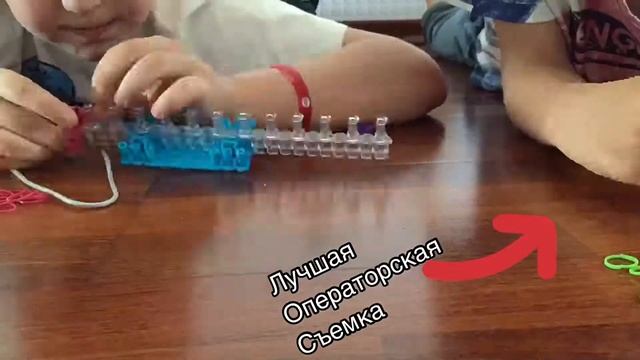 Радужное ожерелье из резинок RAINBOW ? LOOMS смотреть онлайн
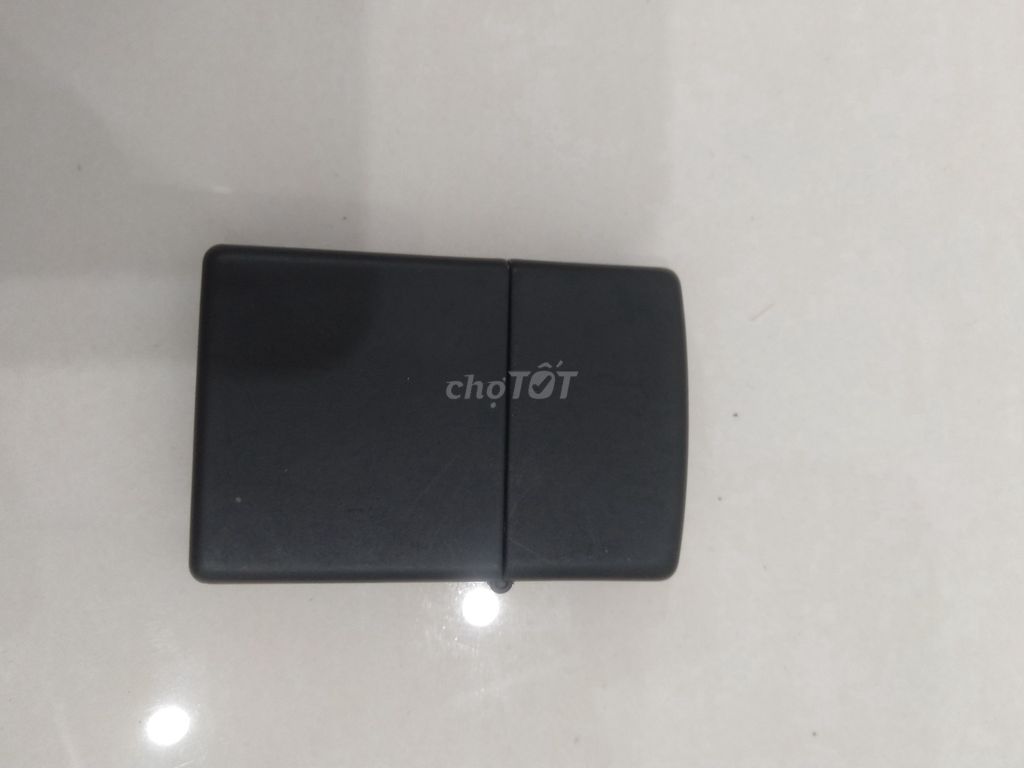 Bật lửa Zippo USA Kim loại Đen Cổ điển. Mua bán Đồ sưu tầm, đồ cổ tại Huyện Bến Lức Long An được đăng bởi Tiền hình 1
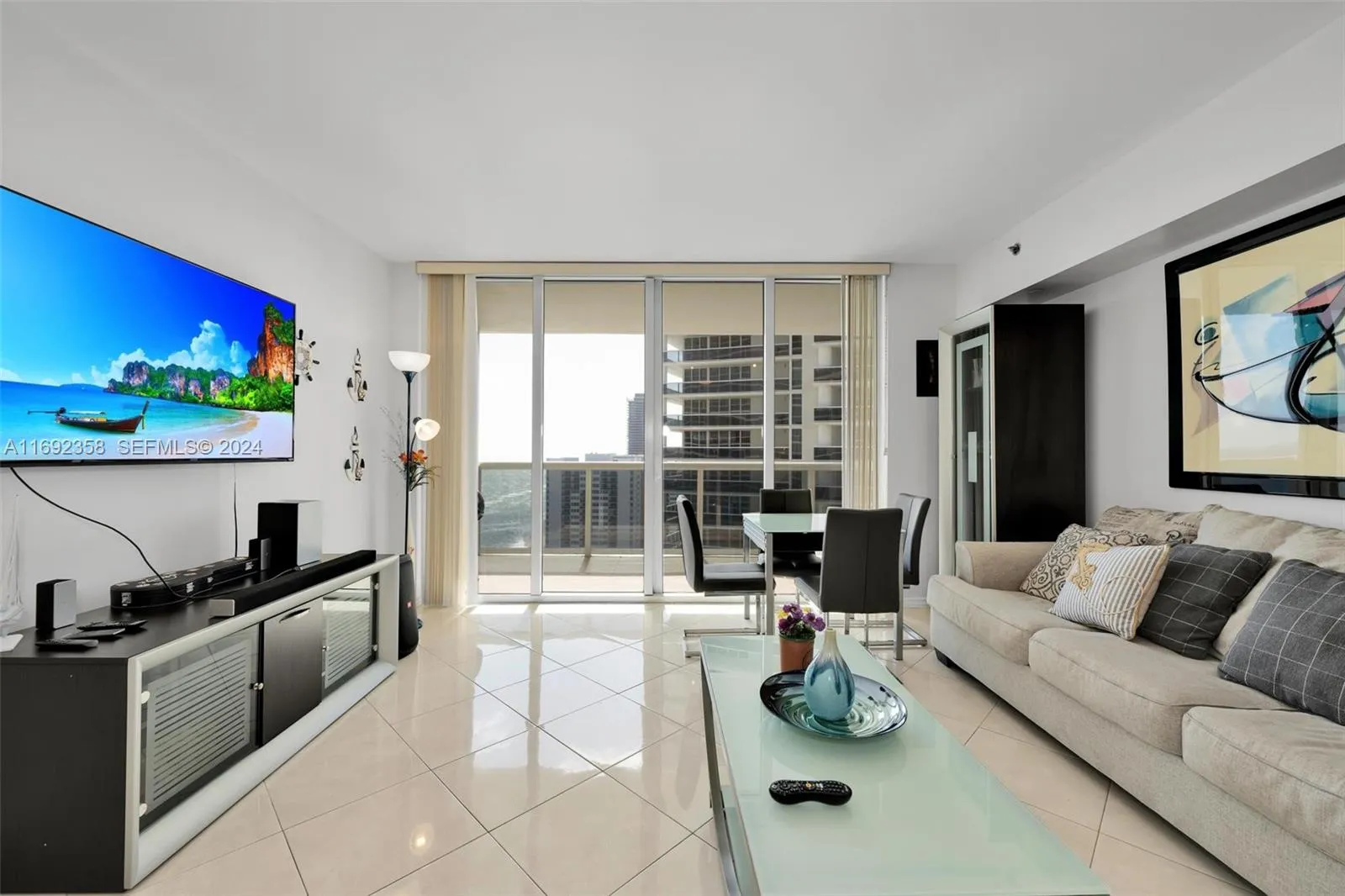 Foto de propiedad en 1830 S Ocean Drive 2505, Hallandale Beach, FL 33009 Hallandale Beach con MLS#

## What the task asks
Repeat the data exactly as given. Keep every picture out of the copy.

## Result for this task
 Радужное ожерелье из резинок RAINBOW ? LOOMS смотреть онлайн
 Bật lửa Zippo USA Kim loại Đen Cổ điển. Mua bán Đồ sưu tầm, đồ cổ tại Huyện Bến Lức Long An được đăng bởi Tiền hình 1
 Foto de propiedad en 1830 S Ocean Drive 2505, Hallandale Beach, FL 33009 Hallandale Beach con MLS#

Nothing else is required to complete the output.